▸ **Input records**
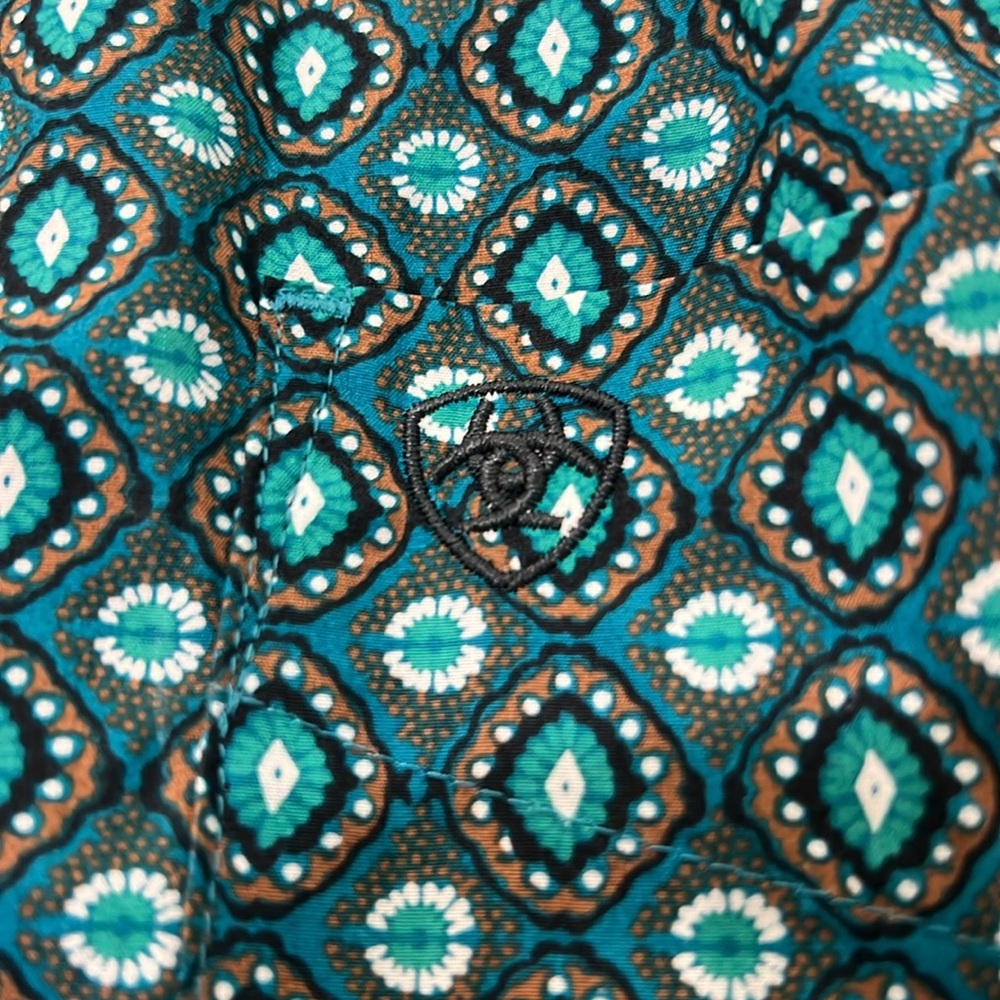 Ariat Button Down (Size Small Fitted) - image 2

* * *

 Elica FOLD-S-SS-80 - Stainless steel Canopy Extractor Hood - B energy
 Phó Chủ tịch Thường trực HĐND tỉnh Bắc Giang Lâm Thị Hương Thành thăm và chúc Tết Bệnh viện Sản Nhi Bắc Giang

▸ **Required action**
When you reach the line with "Elica FOLD-S-SS-80 - Stainless" in the records above, start writing out lines exactly, and stop once the line with "Phó Chủ tịch" has been written; include nothing else.

▸ **Task solution**
 Elica FOLD-S-SS-80 - Stainless steel Canopy Extractor Hood - B energy
 Phó Chủ tịch Thường trực HĐND tỉnh Bắc Giang Lâm Thị Hương Thành thăm và chúc Tết Bệnh viện Sản Nhi Bắc Giang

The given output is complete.